Последнее полная правда: Некрасов никогда ни словом не задел Лескова. Помешать лесковской хронике в «Отечественных записках» он и физически не мог: редакторское кресло Некрасов занял в январе 1868 года; переговоры о том начались в октябре 1867-го; первое письмо в Карабиху Краевский послал в конце июля; роман же Лескова прервался в мае; цензуровали его еще раньше, — так что же, Краевский подставлял его под цензорский нож, чтобы загодя угодить Некрасову? Впрочем, что мы гадаем? Вы вчитайтесь в лесковскую фразу: он ведь отлично знает, что дело не в Некрасове. Знает — и однако поминает его. Зачем? В целях самоуспокоения?
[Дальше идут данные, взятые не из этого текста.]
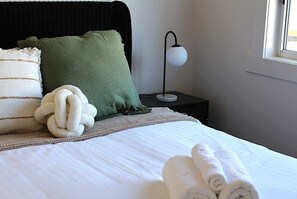 2 chambres, fer et planche à repasser, Wi-Fi, draps fournis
Вот это очень похоже на истину: Лесков словно бы ищет для себя оправданий, потому что объявленные причины не вполне объясняют драму.

Читаем прошение в Литфонд дальше. По мере того, как вопрос о существе цензурных вырезок кое-как пройден, Лесков сосредоточивается (и уже с полной, надо сказать, убедительностью) на этической, процедурной стороне дела: он обрушивается на Краевского за то, что тот делал эти вырезки тайком.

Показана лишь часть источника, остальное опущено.